__YOUR OBJECTIVE__
Would you retype the whole listing exactly?

-- Opening Marker --

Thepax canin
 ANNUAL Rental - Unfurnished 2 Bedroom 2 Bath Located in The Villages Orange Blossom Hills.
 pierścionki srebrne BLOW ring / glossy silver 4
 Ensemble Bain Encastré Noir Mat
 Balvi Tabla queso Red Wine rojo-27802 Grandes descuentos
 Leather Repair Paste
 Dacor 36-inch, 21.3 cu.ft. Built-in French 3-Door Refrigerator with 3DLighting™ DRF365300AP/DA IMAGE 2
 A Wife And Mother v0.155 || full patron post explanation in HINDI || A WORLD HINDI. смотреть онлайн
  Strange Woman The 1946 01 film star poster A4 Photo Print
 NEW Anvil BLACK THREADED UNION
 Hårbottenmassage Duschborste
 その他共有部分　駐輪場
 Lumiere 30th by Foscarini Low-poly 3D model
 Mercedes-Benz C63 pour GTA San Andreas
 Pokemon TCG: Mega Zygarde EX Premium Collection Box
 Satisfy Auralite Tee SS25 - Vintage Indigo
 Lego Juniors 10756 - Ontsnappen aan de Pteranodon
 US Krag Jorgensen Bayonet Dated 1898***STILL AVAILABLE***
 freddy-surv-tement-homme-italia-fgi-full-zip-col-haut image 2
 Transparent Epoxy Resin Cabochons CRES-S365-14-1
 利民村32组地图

-- Closing Marker --

__RESPONSE TO THE TASK__
Thepax canin
 ANNUAL Rental - Unfurnished 2 Bedroom 2 Bath Located in The Villages Orange Blossom Hills.
 pierścionki srebrne BLOW ring / glossy silver 4
 Ensemble Bain Encastré Noir Mat
 Balvi Tabla queso Red Wine rojo-27802 Grandes descuentos
 Leather Repair Paste
 Dacor 36-inch, 21.3 cu.ft. Built-in French 3-Door Refrigerator with 3DLighting™ DRF365300AP/DA IMAGE 2
 A Wife And Mother v0.155 || full patron post explanation in HINDI || A WORLD HINDI. смотреть онлайн
  Strange Woman The 1946 01 film star poster A4 Photo Print
 NEW Anvil BLACK THREADED UNION
 Hårbottenmassage Duschborste
 その他共有部分　駐輪場
 Lumiere 30th by Foscarini Low-poly 3D model
 Mercedes-Benz C63 pour GTA San Andreas
 Pokemon TCG: Mega Zygarde EX Premium Collection Box
 Satisfy Auralite Tee SS25 - Vintage Indigo
 Lego Juniors 10756 - Ontsnappen aan de Pteranodon
 US Krag Jorgensen Bayonet Dated 1898***STILL AVAILABLE***
 freddy-surv-tement-homme-italia-fgi-full-zip-col-haut image 2
 Transparent Epoxy Resin Cabochons CRES-S365-14-1
 利民村32组地图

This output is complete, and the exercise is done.